**TASK BRIEF**
Retype exactly what appears below from the line containing "1015 Spindle Palm" down to the line containing "Rock mountain scene and blue sky background.", keeping both end lines. Do not include pictures.
#### TASK DATA
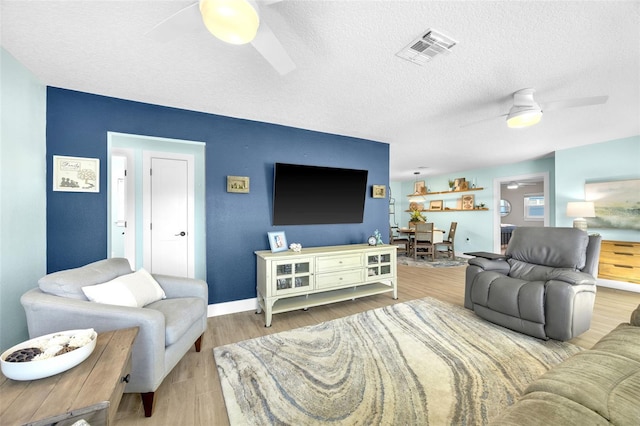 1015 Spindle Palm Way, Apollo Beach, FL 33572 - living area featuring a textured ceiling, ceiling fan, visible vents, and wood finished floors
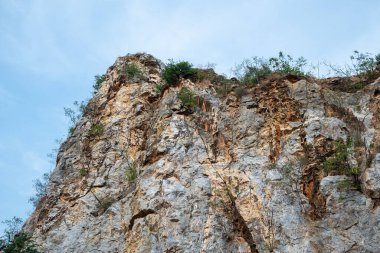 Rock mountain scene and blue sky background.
########
#### TASK DATA
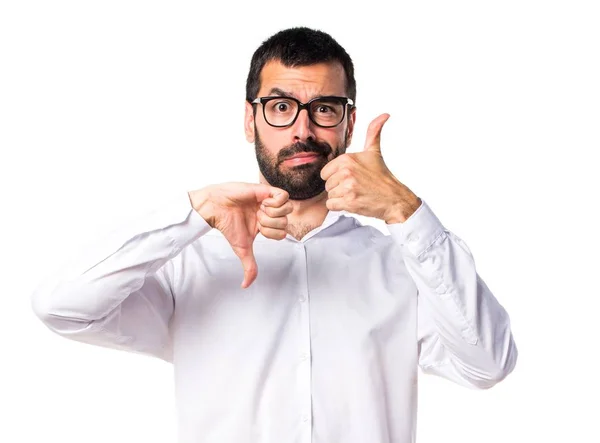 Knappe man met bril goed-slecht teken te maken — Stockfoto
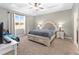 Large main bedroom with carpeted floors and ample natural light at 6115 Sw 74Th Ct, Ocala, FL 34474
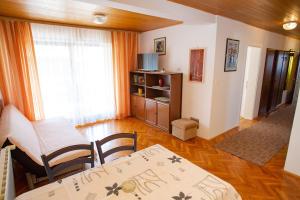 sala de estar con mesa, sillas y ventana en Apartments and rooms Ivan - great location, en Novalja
########
**OUTPUT FOR THIS TASK**
 1015 Spindle Palm Way, Apollo Beach, FL 33572 - living area featuring a textured ceiling, ceiling fan, visible vents, and wood finished floors
 Rock mountain scene and blue sky background.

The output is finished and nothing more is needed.